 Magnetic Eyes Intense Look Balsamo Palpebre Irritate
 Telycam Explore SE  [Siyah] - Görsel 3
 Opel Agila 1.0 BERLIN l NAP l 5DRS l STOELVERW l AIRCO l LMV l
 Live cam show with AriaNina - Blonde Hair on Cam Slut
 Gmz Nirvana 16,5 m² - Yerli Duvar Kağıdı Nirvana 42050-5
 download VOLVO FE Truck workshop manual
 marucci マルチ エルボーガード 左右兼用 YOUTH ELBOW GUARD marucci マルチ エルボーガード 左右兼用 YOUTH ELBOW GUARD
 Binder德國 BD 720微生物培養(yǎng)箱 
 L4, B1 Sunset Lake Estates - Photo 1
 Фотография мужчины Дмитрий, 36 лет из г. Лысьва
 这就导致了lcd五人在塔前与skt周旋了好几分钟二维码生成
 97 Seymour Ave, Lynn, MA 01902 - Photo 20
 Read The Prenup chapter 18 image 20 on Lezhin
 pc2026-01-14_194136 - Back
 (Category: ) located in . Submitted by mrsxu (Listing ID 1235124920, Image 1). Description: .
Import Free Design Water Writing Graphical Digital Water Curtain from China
################
● **Activity**: Beginning with the line that contains "97 Seymour Ave, Lynn, MA 01902 - Photo 20", each line of the records above through the last one must be printed word for word.

● **Solution to this task**:
 97 Seymour Ave, Lynn, MA 01902 - Photo 20
 Read The Prenup chapter 18 image 20 on Lezhin
 pc2026-01-14_194136 - Back
 (Category: ) located in . Submitted by mrsxu (Listing ID 1235124920, Image 1). Description: .
Import Free Design Water Writing Graphical Digital Water Curtain from China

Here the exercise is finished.